Required action:
The entries are to be duplicated exactly, though any picture in them must be omitted.

-*-*-

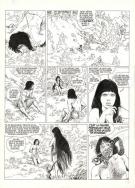 Grzegorz Rosinski - Thorgal, La Gardienne des clés, Planche 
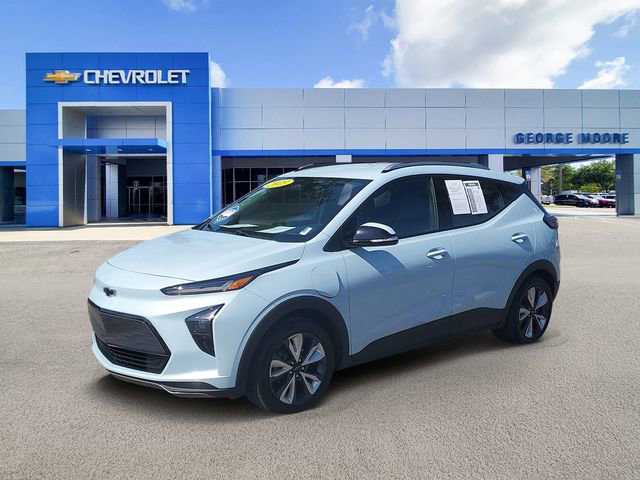 Certified 2023 Chevrolet Bolt EUV LT with VIN 1G1FY6S01P4121473 for sale in Jacksonville, FL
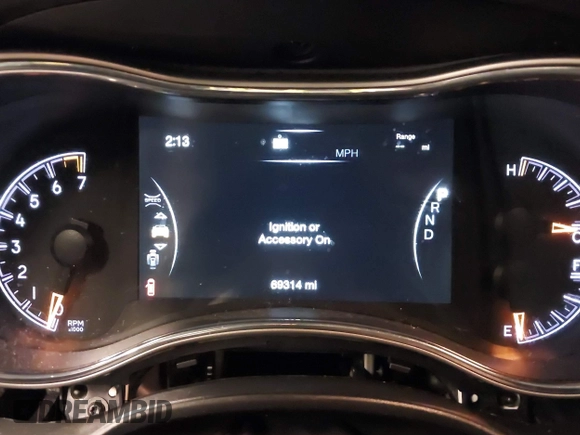 2021 Jeep Grand Cherokee Limited with VIN 1C4RJFBG3MC562643, listed as a IAAI auction lot 41829277 with 69,314 mi miles and . Bid and sale history available at DreamBid. Image 15.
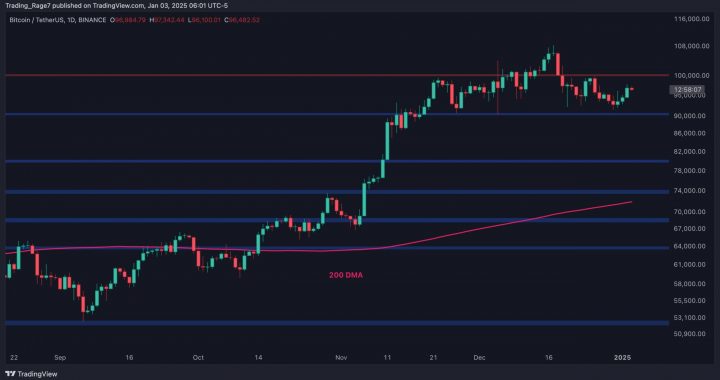 Bitcoin Price Analysis: BTC Seems Ready to Challenge $100K Again After Bottoming at $91K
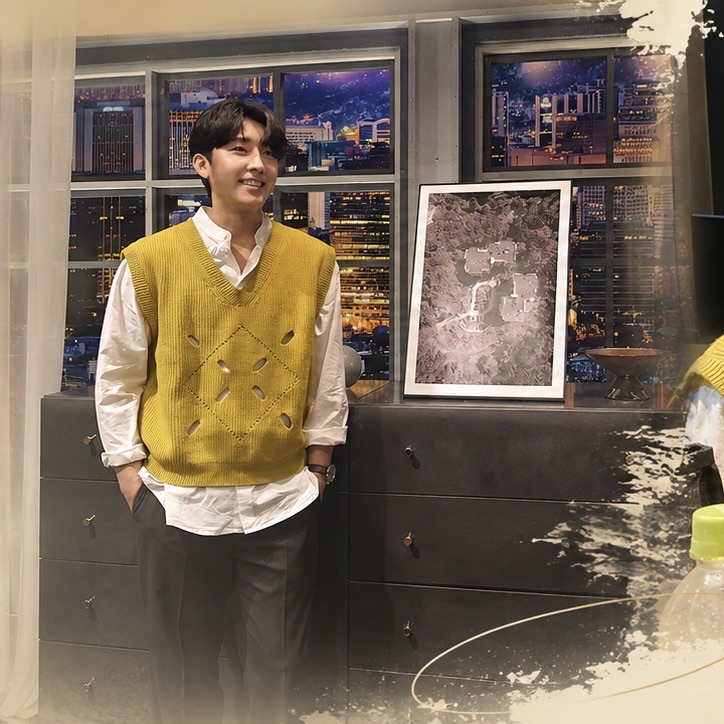 Behind-the-scenes cut of Son Hojun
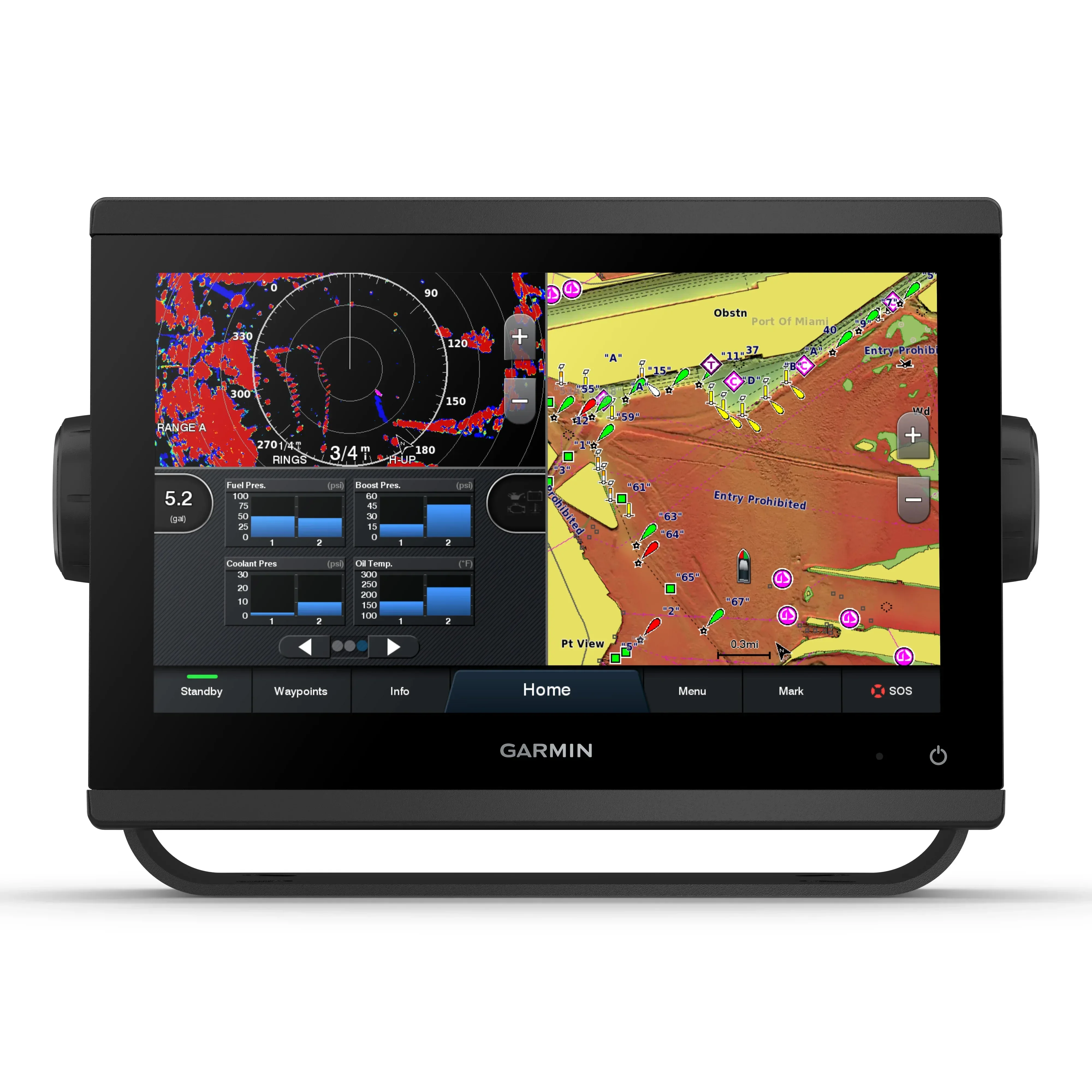 Garmin GPSMAP 923xsv yhdistelmälaite - Image 6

-*-*-

Solution for this problem:
 Grzegorz Rosinski - Thorgal, La Gardienne des clés, Planche 
 Certified 2023 Chevrolet Bolt EUV LT with VIN 1G1FY6S01P4121473 for sale in Jacksonville, FL
 2021 Jeep Grand Cherokee Limited with VIN 1C4RJFBG3MC562643, listed as a IAAI auction lot 41829277 with 69,314 mi miles and . Bid and sale history available at DreamBid. Image 15.
 Bitcoin Price Analysis: BTC Seems Ready to Challenge $100K Again After Bottoming at $91K
 Behind-the-scenes cut of Son Hojun
 Garmin GPSMAP 923xsv yhdistelmälaite - Image 6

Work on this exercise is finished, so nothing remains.